Sorry, that was my fix for wireless tether. Try PDA Net, works well.

Sent from my HTC Mecha using RootzWiki


----------



## AciD_LingK (Aug 8, 2011)

See with pdanet u gotta install program on each PC and its slow as hell. Plus I still have to reset my connect every few. When USB tether works man it is fast as hell. Why doesn't stock CM7 USB tether work well at all?

Sent from my HTC ThunderBolt using Tapatalk


----------



## mfinlay04 (Jun 8, 2011)

Why not use WiFi tether? I use it daily on my senseless and my wife's aosp Rom without Ny issues. As long as you get Tue settings correct its gold

Sent from my ADR6400L using RootzWiki


----------



## Mgenova (Jun 15, 2011)

Koush has a tether app on clockworkmod.com, no root required. Does require a software install on your PC though. It has a free trial. Works good on my laptop.

Sent from my ADR6400L using RootzWiki


----------



## sgtguthrie (Jun 7, 2011)

Have you tried the built in usb tethering on Liquid GB 3.2?

Sent from my CM9 HP Touchpad via Tapatalk


----------



## AciD_LingK (Aug 8, 2011)

Last time I tried Liquid 3.2 I couldn't get it to work. But I will give another shot. I don't use WiFi tether because its slower and only one of my PC's has a WiFi card and NON at all at work. And yeah I just wish one of the Non-Software installing USB tether apps would work on the T-Bolt. Well actually I have been having issues with PDAnet also. Have to reset every few minutes. Is something falling asleep. I gotta wake it up with a reset?

Please someone who has no problems with USB tether (4g T-Bolt) please post your setup. Im begging.


----------



## sidroc (Nov 26, 2011)

Reset the Winsock, willing to best that will fix it. Its what finally solved my tether problems.


----------



## damusmf (Sep 20, 2011)

Wired tether on thundershed 1.2 works great for me


----------



## AciD_LingK (Aug 8, 2011)

sidroc said:


> Wired tether on thundershed 1.2 works great for me


It was working great for me for about a day and then bang, gettin the reset app every 3-5 minutes like all the others..


----------



## AciD_LingK (Aug 8, 2011)

Let me update. I Just let the phone settle a few days and now USB tether (stock cm7 tether) works like a champ with imo's 4.2 kernel.
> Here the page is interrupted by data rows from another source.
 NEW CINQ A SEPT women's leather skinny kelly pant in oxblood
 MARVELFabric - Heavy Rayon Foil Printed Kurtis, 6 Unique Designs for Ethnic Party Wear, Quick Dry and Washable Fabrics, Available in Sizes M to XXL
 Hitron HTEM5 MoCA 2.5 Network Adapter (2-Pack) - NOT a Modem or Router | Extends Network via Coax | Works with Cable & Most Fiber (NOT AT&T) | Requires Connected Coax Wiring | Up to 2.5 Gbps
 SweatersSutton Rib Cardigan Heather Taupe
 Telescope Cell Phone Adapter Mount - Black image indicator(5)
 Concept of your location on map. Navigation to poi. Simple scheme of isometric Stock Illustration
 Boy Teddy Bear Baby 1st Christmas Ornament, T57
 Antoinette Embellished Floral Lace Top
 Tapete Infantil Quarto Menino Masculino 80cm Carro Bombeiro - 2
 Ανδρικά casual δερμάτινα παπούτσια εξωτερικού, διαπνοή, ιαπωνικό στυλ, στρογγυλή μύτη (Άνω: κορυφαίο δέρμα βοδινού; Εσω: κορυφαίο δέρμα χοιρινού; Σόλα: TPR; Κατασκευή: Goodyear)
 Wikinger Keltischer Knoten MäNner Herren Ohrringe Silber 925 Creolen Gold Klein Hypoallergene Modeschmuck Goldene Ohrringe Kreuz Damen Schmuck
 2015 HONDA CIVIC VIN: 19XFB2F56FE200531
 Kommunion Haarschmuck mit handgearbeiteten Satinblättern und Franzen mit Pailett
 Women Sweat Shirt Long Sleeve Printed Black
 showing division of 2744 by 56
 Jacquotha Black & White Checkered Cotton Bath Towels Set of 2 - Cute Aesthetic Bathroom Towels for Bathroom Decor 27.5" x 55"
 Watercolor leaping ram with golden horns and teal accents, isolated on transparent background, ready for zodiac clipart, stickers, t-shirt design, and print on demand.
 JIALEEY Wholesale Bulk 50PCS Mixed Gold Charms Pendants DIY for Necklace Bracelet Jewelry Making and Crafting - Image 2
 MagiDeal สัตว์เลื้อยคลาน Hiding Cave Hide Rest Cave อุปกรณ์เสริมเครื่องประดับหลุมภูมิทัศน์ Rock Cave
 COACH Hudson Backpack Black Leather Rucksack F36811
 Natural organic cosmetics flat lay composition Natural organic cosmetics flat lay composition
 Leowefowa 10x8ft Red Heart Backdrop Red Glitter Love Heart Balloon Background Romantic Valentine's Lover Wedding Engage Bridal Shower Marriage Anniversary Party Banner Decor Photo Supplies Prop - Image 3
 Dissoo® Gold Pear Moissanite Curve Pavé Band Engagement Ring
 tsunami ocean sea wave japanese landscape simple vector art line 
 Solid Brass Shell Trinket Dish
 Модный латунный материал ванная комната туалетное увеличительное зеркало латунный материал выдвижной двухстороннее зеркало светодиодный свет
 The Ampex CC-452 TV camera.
Sent from my ADR6400L using Tapatalk


----------



## AciD_LingK (Aug 8, 2011)

Well I should have left it alone. I updated to imos 6.1 and now USB tether is shot even after flashing back to 4.2. Using protekks cm7.

Sent from my ADR6400L using Tapatalk


----------



## AciD_LingK (Aug 8, 2011)

Thundershed is king. USB tether just werks.

Sent from my ADR6400L using Tapatalk


----------